Der Kläger hat bestritten, dass Beschäftigte der Werkstatt, die keinen Anspruch auf Zusatzurlaub nach § 125 SGB IX hätten, weniger als 30 Urlaubstage erhalten würden.
Die Beklagte hat vorgetragen, dass im Werkstattbereich ausschließlich schwerbehinderte Menschen oder diesen Gleichgestellte im Rahmen von bezuschussten Eingliederungsmaßnahmen tätig seien. Mit diesen sei der Kläger vergleichbar und werde gleich behandelt. Auf die Arbeitsverhältnisse der in der Verwaltung und als Betreuer tätigen Mitarbeiter werde der BMT-AW II angewendet. Mit diesen Arbeitnehmern sei der Kläger nicht vergleichbar.
Die Beklagte beschäftige ausschließlich solche Personen im Rahmen von Eingliederungsmaßnahmen in der Werkstatt, für die die zuständigen Sozialleistungsträger die Betreuungskosten für die Eingliederungsmaßnahmen übernähmen.
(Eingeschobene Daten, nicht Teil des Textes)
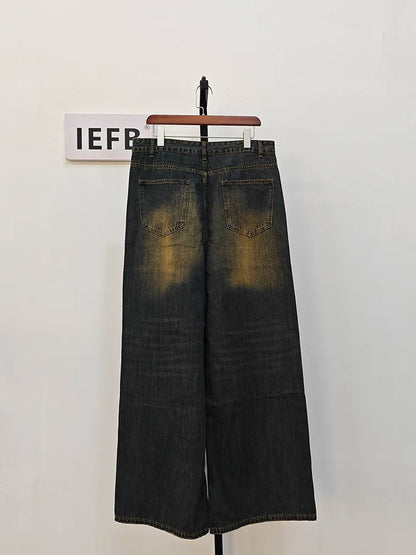 IEFB Men’s Summer Denim Jeans – Washed Blue Straight Loose Wide-Leg Casual Pants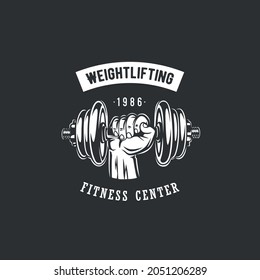 Fitness and weightlifting logo with dumbbell Illustration.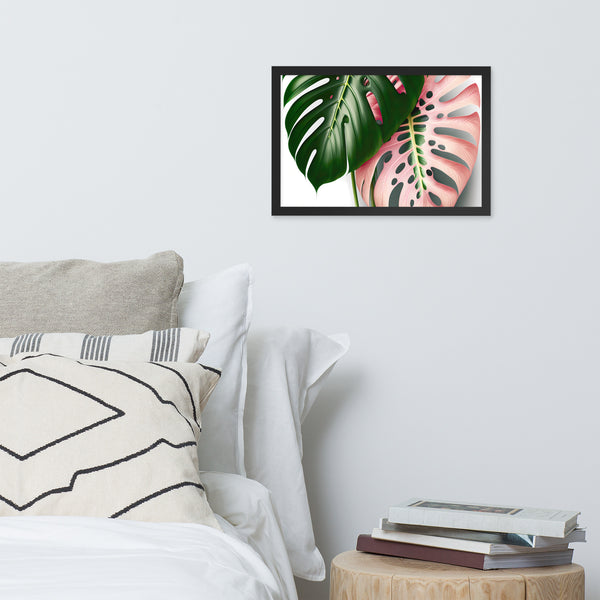 Pink Monstera Framed photo paper poster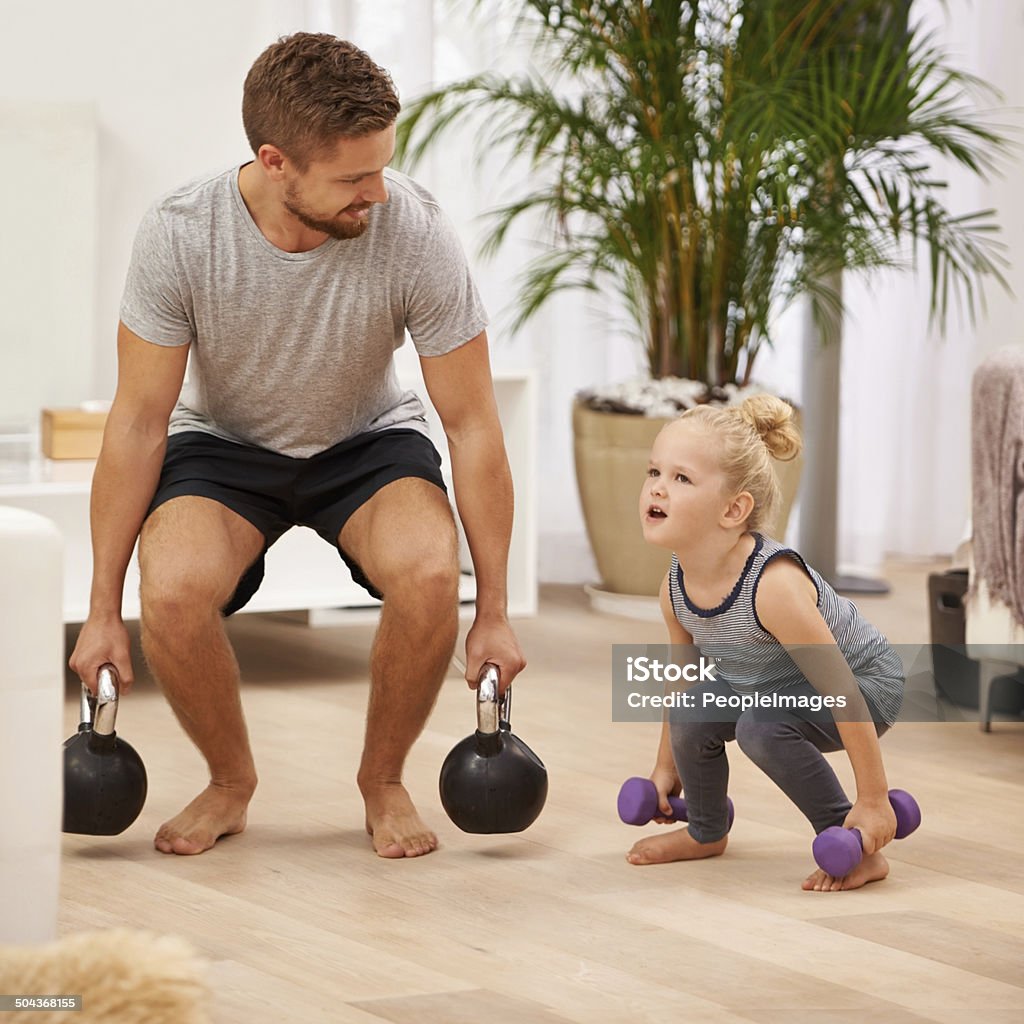 father working out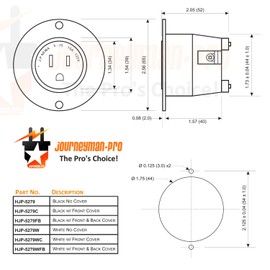 Journeyman-Pro 5279 15 Amp 120-125 Volt, NEMA 5-15 Flanged Outlet, White Commercial Grade, 2 Pole-3 Wire, Straight Blade Plug Charger Receptacle (No Cover/Cap)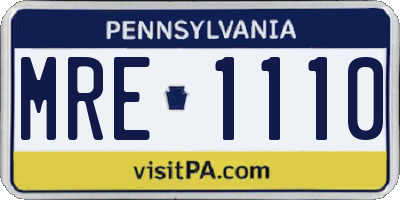 PA license plate MRE1110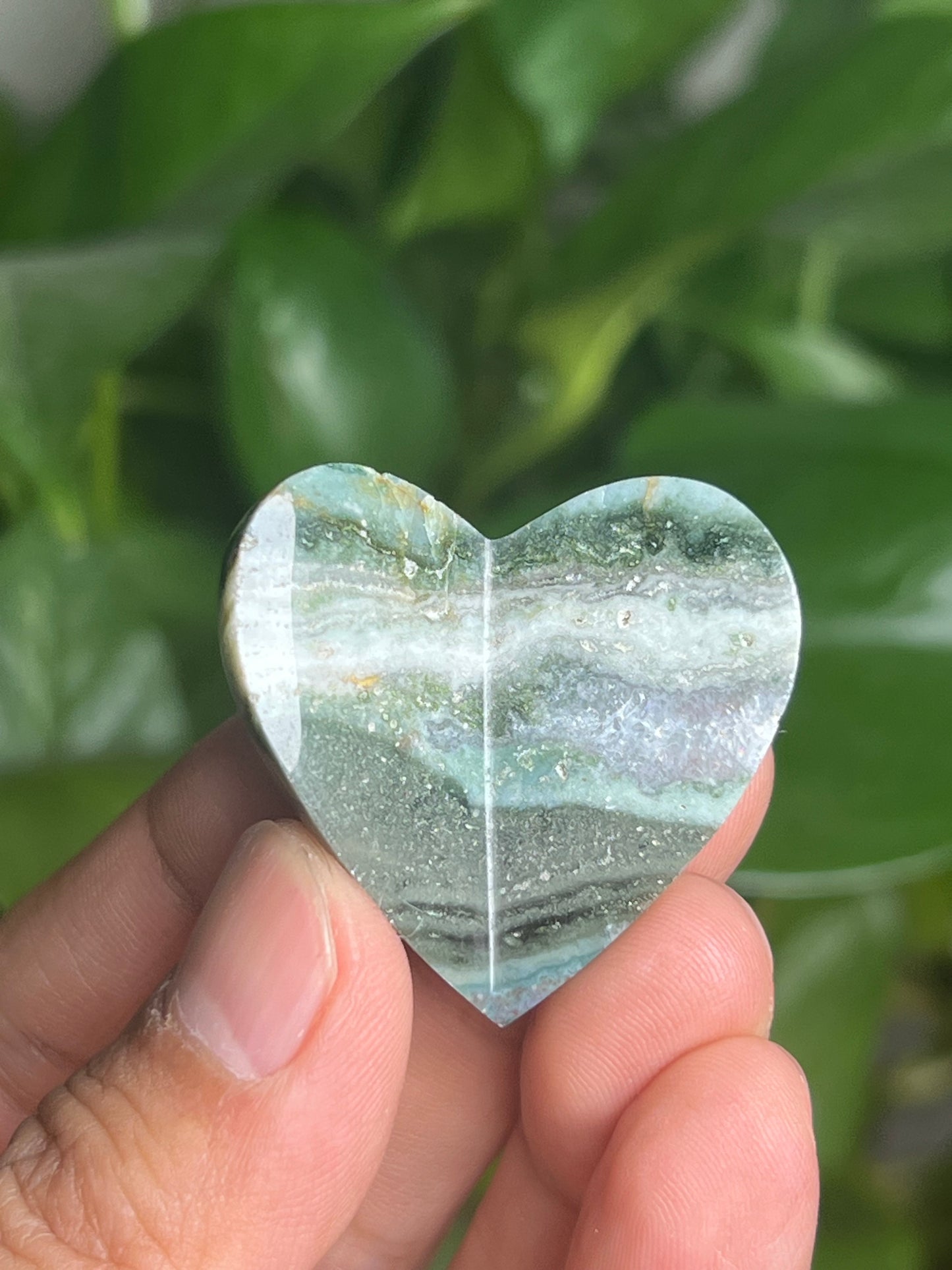 Blue Green Jasper 3D Butterfly Heart: DC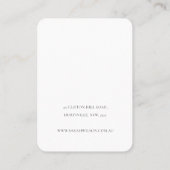 抽象芸術ネイビーオレンジリーフネックレスイヤリングディスプレイ 名刺 (裏面)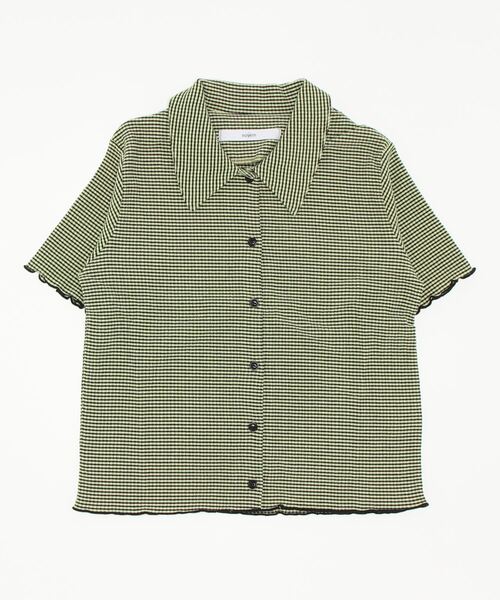 Green　Parks（グリーンパークス）の「・novem9 サッカーギンガムチェックブラウス（シャツ/ブラウス・レディース・ネイビー/イエロー/アイボリー・FREE）」の3枚目の写真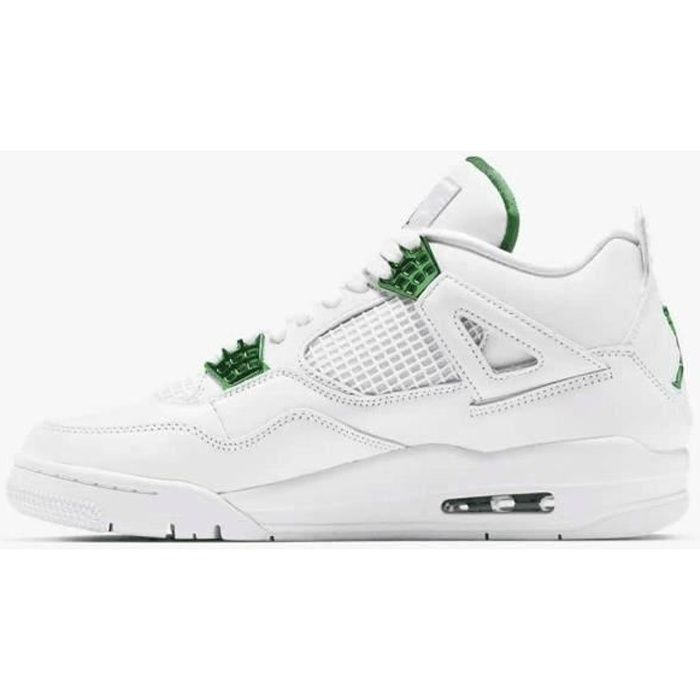 NIKE AIR JORDAN 4 Retro Metallic Green Chaussures de Basket Femme Homme Pas  Cher Blanche et Vert - Cdiscount Prêt-à-Porter
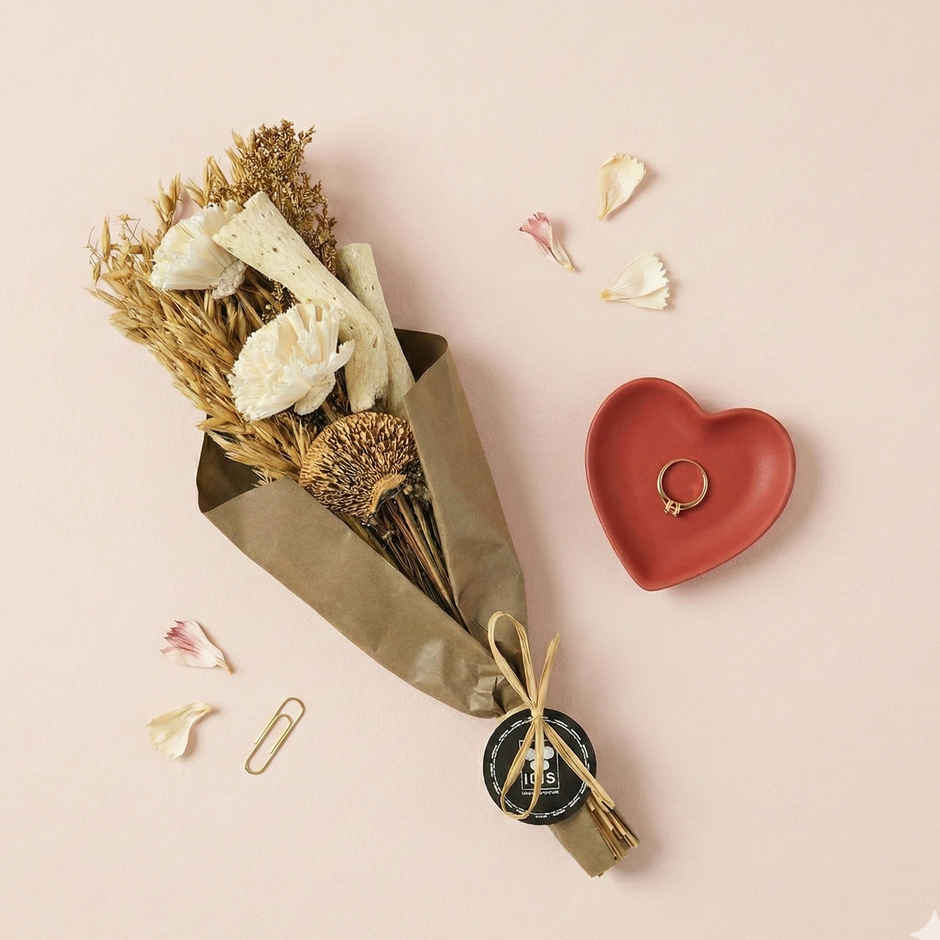 Ivory Blooms Dry Flower Bouquet with Fragrance Spray | Ideal for Gifting | IRIS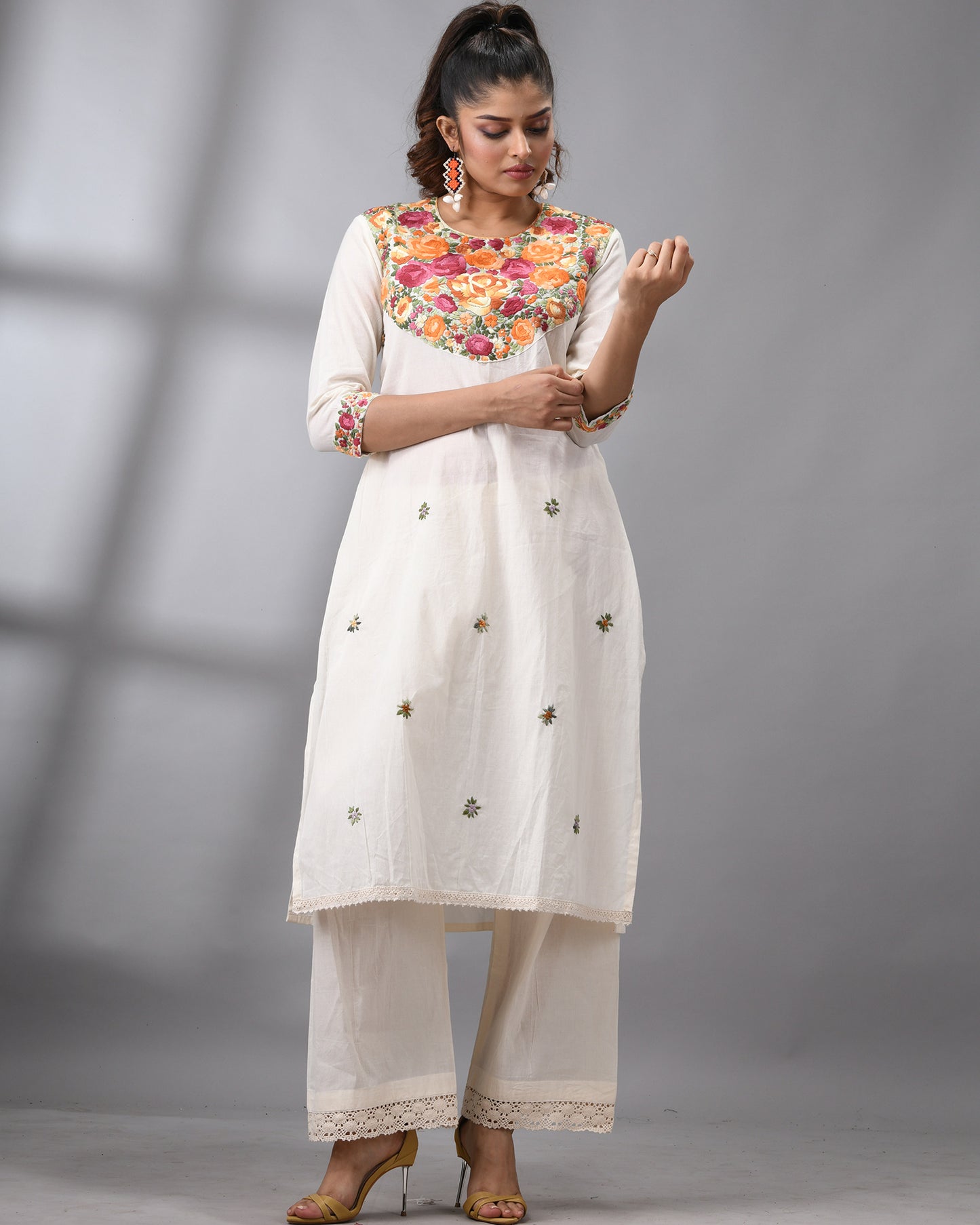 Gulbaro - Parsee Hand Embroidery Three-Quarter Sleeve Round Neck Co-Ord Set 100% Cotton for Women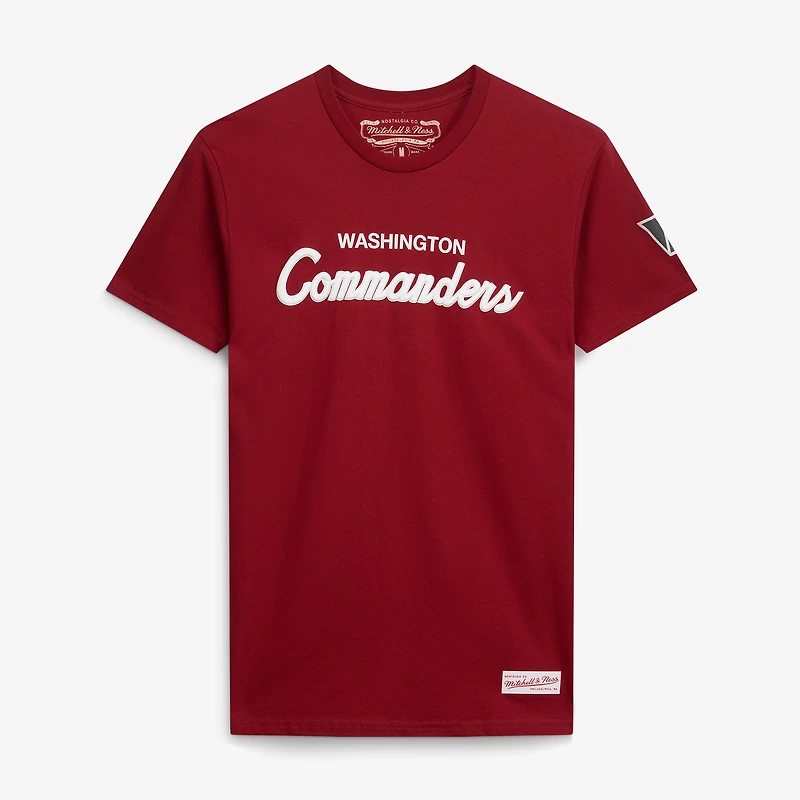 T-shirt classique Mitchell & Ness bordeaux pour homme, entraîneur-chef des Washington Commanders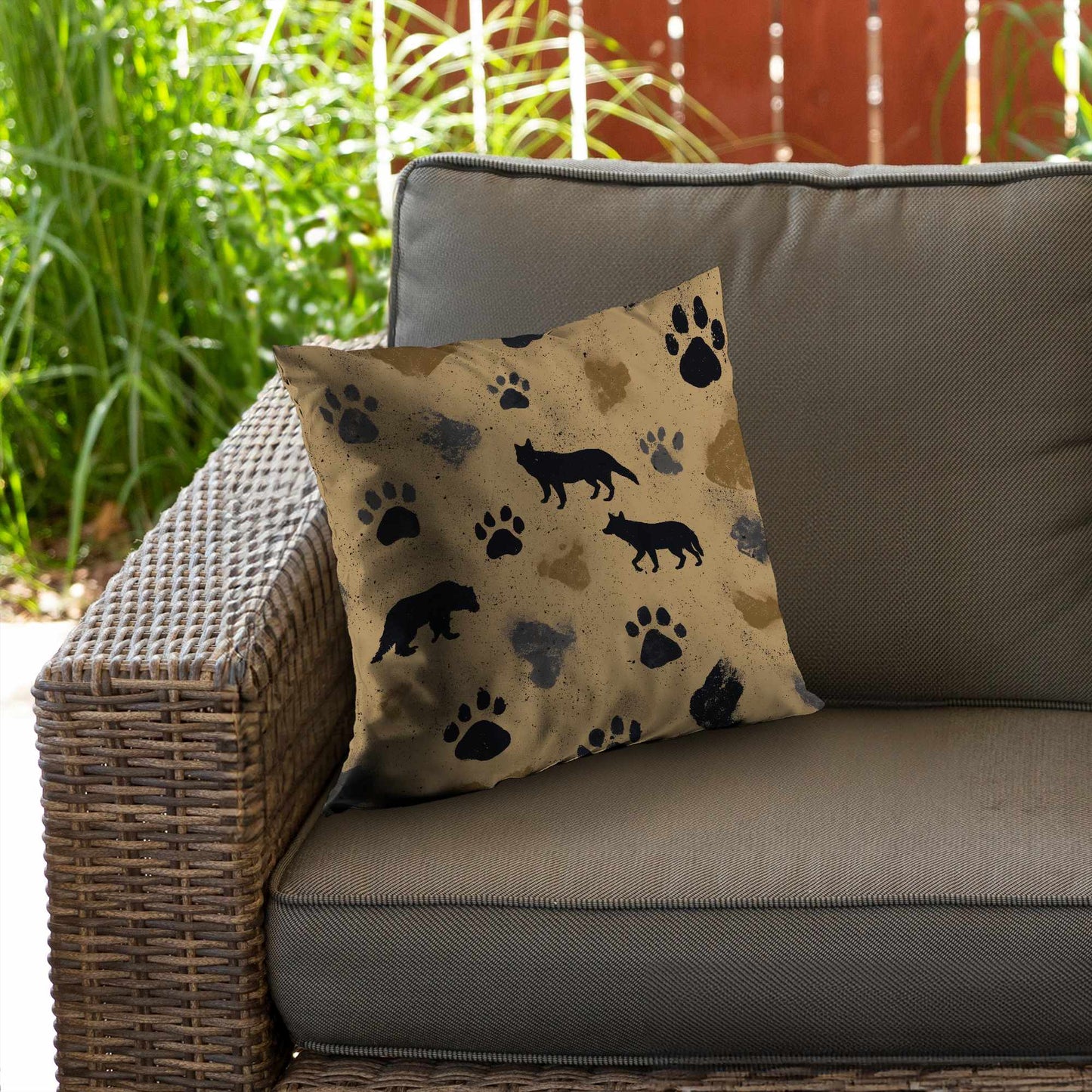 Coussin décoratif Wild Tracks Echo en sergé de polyester | Décoration d'intérieur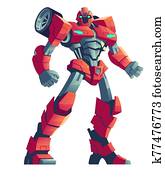 Red robot transformer and car, cartoon illustration Red robot transformer and car, cartoon illustration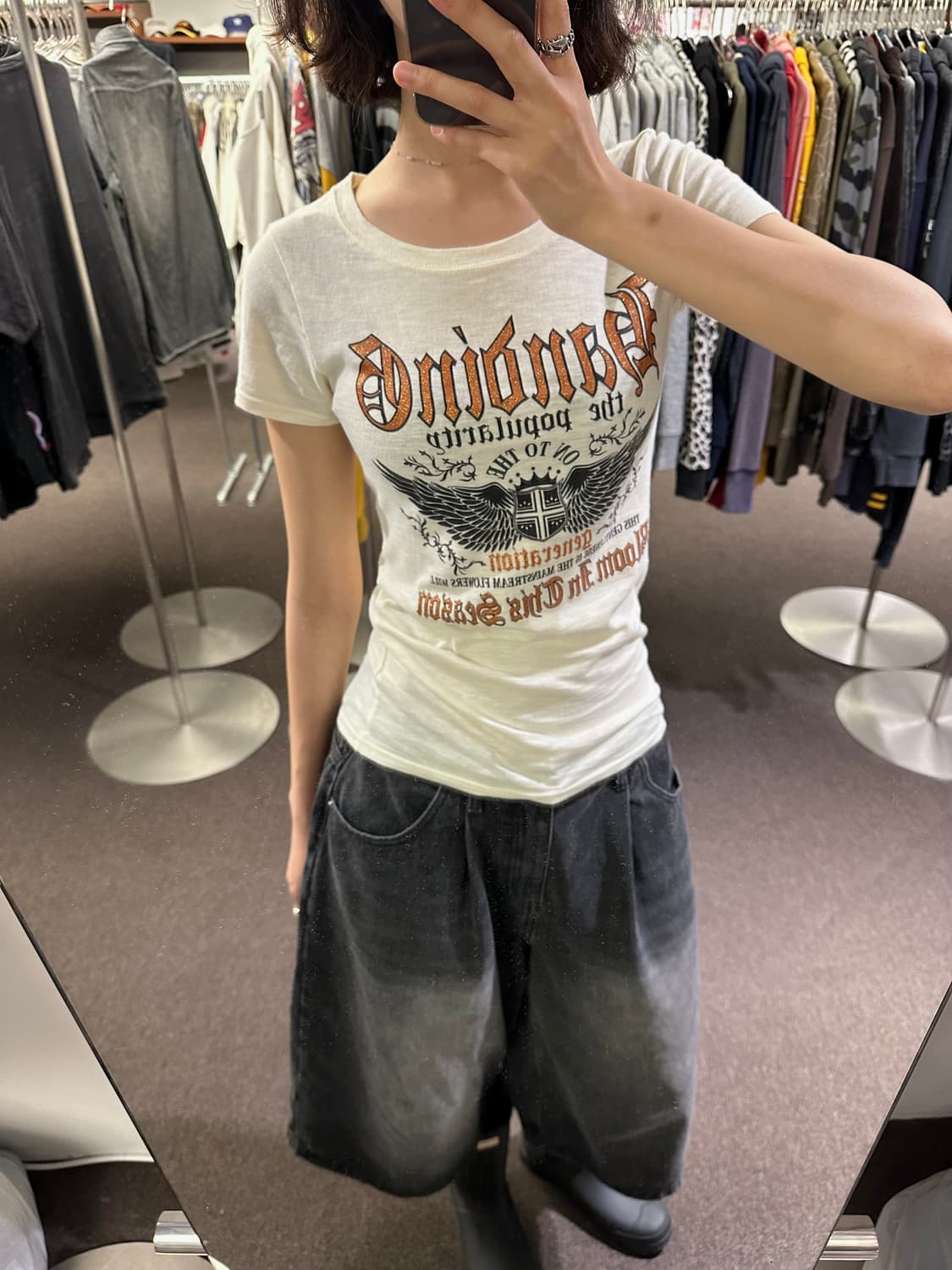 M)Japanese vintage y2k 펑크 레터링 반팔 상품이미지1
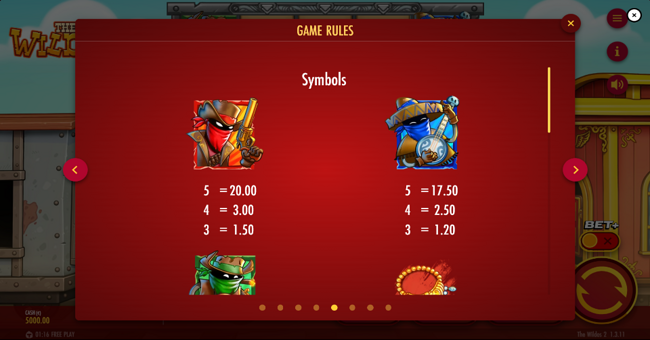 the wildos 2 paytable 1 paytable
Das sei wiederum nur bei objektiv schwerbehinderten Personen der Fall.
Von der weiteren Darstellung des erstinstanzlichen Sach- und Streitstandes wird gemäß § 69 Abs. 2 Arbeitsgerichtsgesetz (ArbGG) abgesehen.
Das Arbeitsgericht hat die Klage mit am 9. August 2006 verkündetem Urteil abgewiesen. Es hat zur Begründung im Wesentlichen ausgeführt, dass Ausgangspunkt für die Berechnung des Urlaubs der Urlaubsumfang nicht schwerbehinderter Menschen in gleicher Lage sei. Dieses seien hier aber nur die in der nach §§ 136 SGB IX in der Werkstatt Beschäftigten. Wenn dann für alle vergleichbaren Mitarbeiter der Zusatzurlaub in den Jahresurlaub eingerechnet werde, weil man davon ausgehe, dass alle einen entsprechenden Anspruch besäßen, sei das nicht zu beanstanden. Sofern die Annahme der Beklagten, dass sie nur schwerbehinderte Menschen in der Werkstatt beschäftige, im Einzelfall falsch sei, ändere das nichts an der Natur des Zusatzurlaubs. Es handele sich nicht um die Anrechnung auf freiwilligen Urlaub, sondern nur um die Inkaufnahme der Gewährung von zu viel Urlaub. Das Schreiben des Bezirksamtes sei ohne Belang. Das Arbeitsgericht hat die Berufung wegen grundsätzlicher Bedeutung zugelassen.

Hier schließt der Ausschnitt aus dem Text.